It recently occurred to me that I haven’t done a swatch post in quite some time. That’s because for the most part, I’ve suspended my informal nail polish procurement program (also known as me sitting in front of online stocklists at two in the morning going, “Ooh, that looks nice!”) Things had just reached the point where I had no more room to store these things. But more than that, it seemed like there was nothing new under the sun, and did I really need ANOTHER holographic, purple-to-teal multi-chrome? TL;DR: I haven’t bought – or swatched – a new polish in a very long time.
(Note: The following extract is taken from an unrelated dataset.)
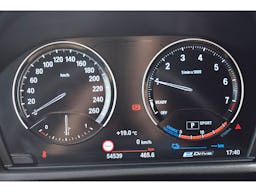 BMW X1 xDrive 25e 220 ch BVA6 F48 LCI LOUNGE occasion - Photo 8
But I am now, with this lovely, lustrous lacquer, OPI’s Infinite Shine 2 in Turn on the Northern Lights! Northern Lights is a beautiful, beautiful polish – a thick, gel-based purple polish shot through with fuchsia-to-green micro shimmer. This polish positively glows in the sun, but in a subdued sort of way – Northern Lights is no disco ball, although I think its gorgeous, jewel-toned purple hues are perfect for a disco Fall. 😉
If Turn on the Northern Lights! is part of any sort of gel system, I have no idea. I know, I know, bad, bad nail blogger, get your facts straight! But I applied this polish as you would any other – three coats and one layer of a quick dry topcoat – and it produced one of the longest lasting and most beautiful manicures I’ve had the pleasure of wearing in ages (I remove my manis indecently fast, in part because they begin to chip and show wear quickly.) But these Northern Lights shone brightly, through three days of wear and two trips down to the highly chlorinated pool! Impressive.
Like all shimmer-laden polishes, Turn on the Northern Lights! does its best work in the sun, although it also looks beautiful in the shade, where you can really see the little bit of chartreuse pixie dust running along the bottom edge of the bottle. I wish this effect was more pronounced on the nail (or pronounced at all; I saw no trace of the green shimmer in this polish, not even along the very edges of my nails) but I love the glowing, plum-to-purple effect enough that that’s but a tiny nit to pick.